Microsoft Office 2010 Beta, ODF and leap-year-bug

by jlundstocholm 5. February 2010 23:45

Some time ago I did some tests of Excel in Microsoft Office 2010 (CTP). The test was around OOXML - but test of ODF-support was missing.

One of the things ODF is missing but is in OOXML is the leap-year-bug ... although most of propably don't miss it all that much. The leap-year-bug is the good ol' Lotus 1-2-3 bug that treated 1900 as a leap year. As a consequence of that, calculations based on dates in the range from January 1st 1900 and February 28th 1900 with dates after this period will be off with one day.

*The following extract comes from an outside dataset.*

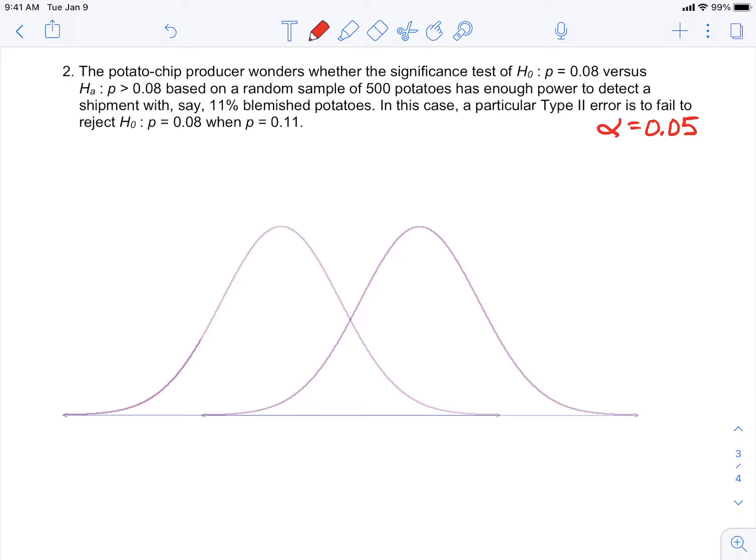Okay, so here's the second part of the lesson today. We're on number two of the potato chip problem, and we're now going to look at how you calculate the probability of a type 2 error.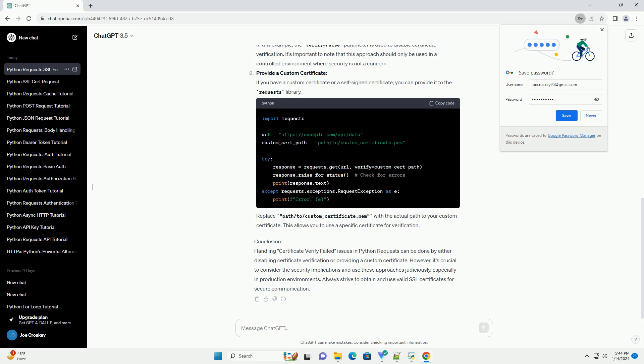Always strive to obtain and use valid SSL certificates for secure communication. ChatGPT.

Since Microsoft Office supports (a subset of) ODF, I thought it'd be fun to look at how Excel 2010 handles the leap-year-bug.

The first thing to do is to show how the leap-year-bug is handled by Excel:

So adding a day to February 28th 1900 will result in the non-existing date February 29th 1900, and if you subtract the dates February 27th 1900 and March 2nd 1900 (you'd expect the a value of 3) you actually get a value of 4.

So what will happen if you save this spreadsheet in ODF-format and open it again in Excel? You might expect that - since it was round-tripped through a format not supporting the leap-year-bug, the calculations would now be correct.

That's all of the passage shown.